Visto che la maggioranza assoluta al Collegio Elettorale è 270, al candidato dem basta vincere in Florida (29 Delegati al medesimo Collegio in questo classico ‘Swing State’) per superare il limite ed essere eletto.
La seconda:
– non sembra proprio (le smentite sono sempre possibili e lo ha dimostrato proprio Trump) che, come con Hillary Clinton con Joe Biden, sia possibile strappare, senza ricorrere ai rimedi sotto suggeriti, ai democratici alcuni degli Stati del predetto ‘Blue Wall’.
La terza:
– come palesato sempre nel 2016 da Evan McMullin, che lo fece l’8 agosto, sono tuttora (dipende dalla ‘deadline’ degli Stati, che differisce, ma di certo è ampiamente fattibile) proponibili localmente (McMullin contava da mormone sullo Utah) terze, quarte, eccetera, candidature ‘indipendenti’ a White House.
La quarta:
– se nessun candidato raggiungesse nel voto novembrino la citata maggioranza assoluta, per il disposto del XII Emendamento datato 1804 (applicato nel 1824), la nomina del Presidente sarebbe compito della Camera dei Rappresentanti che entra in carica il successivo 3 gennaio.
La quinta:
– nella circostanza, in quell’ambito, non conterebbero i voti dei singoli Rappresentanti (che probabilmente, come adesso, sarebbero in numero superiore democratici), perché ad esprimersi si muoverebbero le Delegazioni degli Stati e il loro suffragio varrebbe uno a prescindere dal numero dei Rappresentanti stessi (per chiarire: la California, che ha diritto a 53 scranni nel consesso, e l’Alaska, che ne ha uno, ‘peserebbero’ uno entrambi).
La sesta:
– normalmente, quasi sempre invero, anche quando il suo candidato perde, il partito repubblicano prevale nel voto camerale in più Stati rispetto al rivale.

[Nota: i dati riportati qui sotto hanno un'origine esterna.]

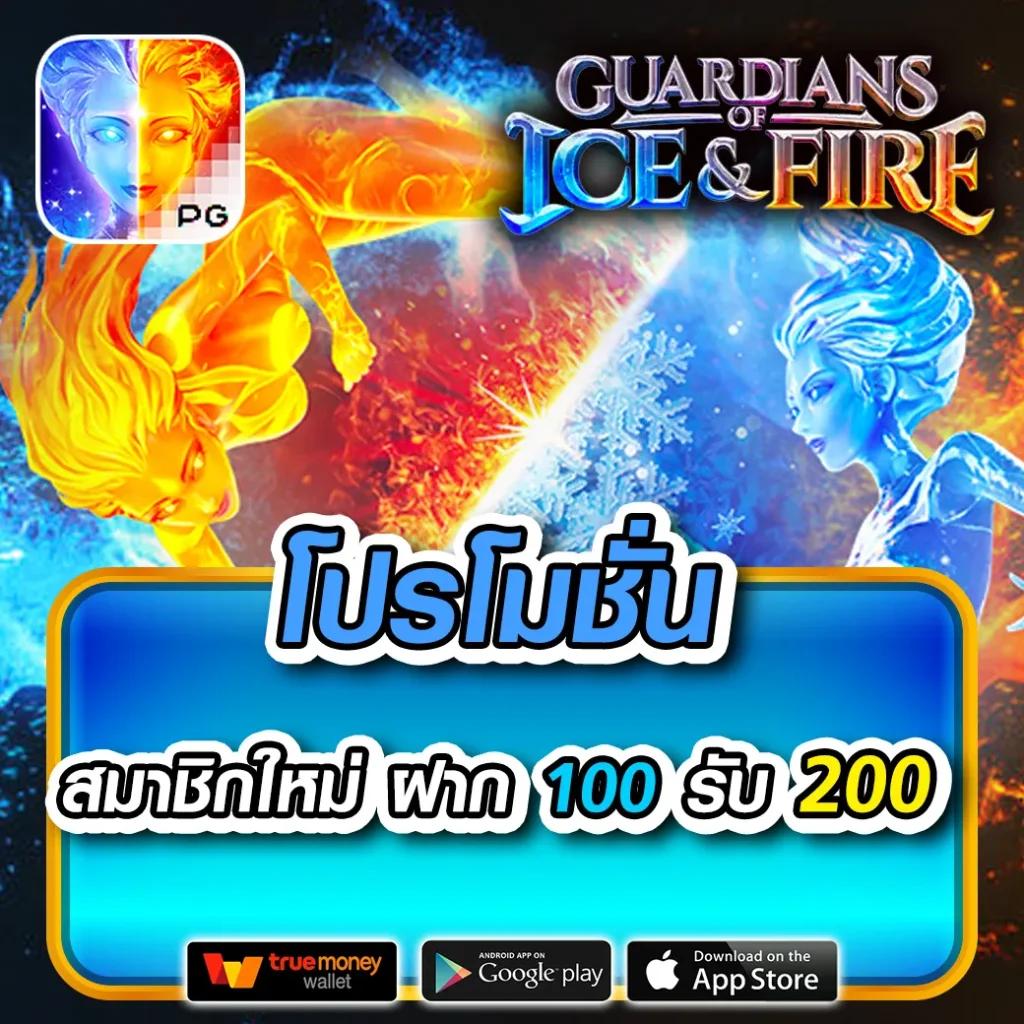 เว็บสล็อตแท้ 100% เล่นง่าย จ่ายจริง สร้างกำไรได้ทุกวัน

Tutto ciò detto e rilevato, nei panni del nominato capo staff, stratega di Trump, anche in vista di un esito teoricamente più ‘facile’ (far semplicemente vincere al mio uomo lo Stato) in cotal modo opererei.
– identificherei un certo numero di situazioni tra quelle afferenti il ‘Blue Wall’ nelle quali un terzo e locale ‘indipendente’ oculatamente scelto e sostenuto (che sia ritenuto ‘concorrente’ effettivo del contendente per le posizioni politiche) avesse la possibilità di vincere e lo lancerei.
A, come detto, due fini.
Se prevalente, a quello suindicato di sottrarre Grandi Elettori ai duecentoquarantadue teorici del democratico e impedirgli di arrivare alla meta.

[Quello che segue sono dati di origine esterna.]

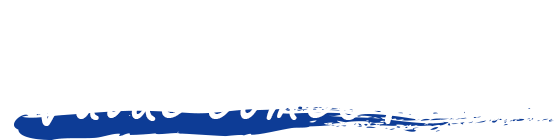 真価を創造するイノベーティブ・カンパニーValue comes True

Se non prevalente ma capace di portare via allo stesso dem un numero notevole di voti popolari, di far vincere colà il GOP i cui Grandi Elettori pertanto aumenterebbero.
In soldoni (e a parte il fatto che una tale strategia andrebbe messa in atto altresì negli ‘Swing States’ al fine di vincerli), o si ripete – organizzandosi e non spontaneamente come quattro anni fa – il fenomeno della ‘erosione’ del ‘muro blu’ e si cattura la prevalenza assoluta al Collegio, o si riesce a sottrarre al democratico tanti Grandi Elettori da portare la votazione finale alla Camera.

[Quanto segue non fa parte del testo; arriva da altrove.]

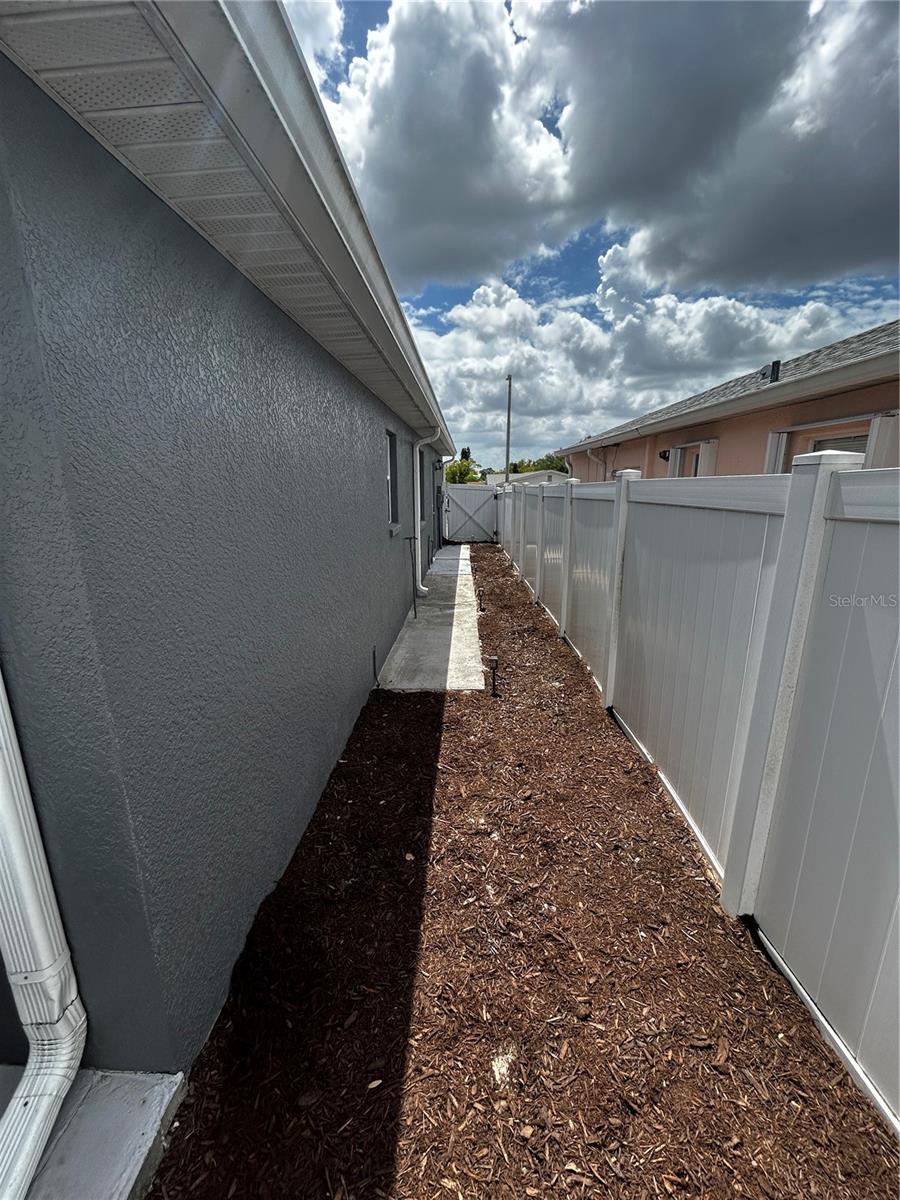 5815 MOCKINGBIRD DR, NEW PORT RICHEY, FL, 34652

Tutto assolutamente costituzionale.
Di piu, direi!

Post scriptum.
– Nella citata occasione (1824), la Camera scelse il secondo classificato (John Quincy Adams) sia per numero di delegati che per voto popolare.
Lo sconfitto (Andrew Jackson) – in modo costituzionalmente ineccepibile – ebbe molto a che ridire.
Dalla conseguente disgregazione del partito democratico/repubblicano, al quale appartenevano entrambi, nacque l’attualmente operante partito democratico.
– Una strategia analoga (che funzionò al fine di sottrarre Stati al repubblicano di allora – Benjamin Harrison – e di far tornare in sella il democratico – Grover Cleveland, defenestrato quattro anni prima) fu messa in atto nelle votazioni del 1892 favorendo in ogni modo dove possibile il terzo della situazione, il populista James Weaver.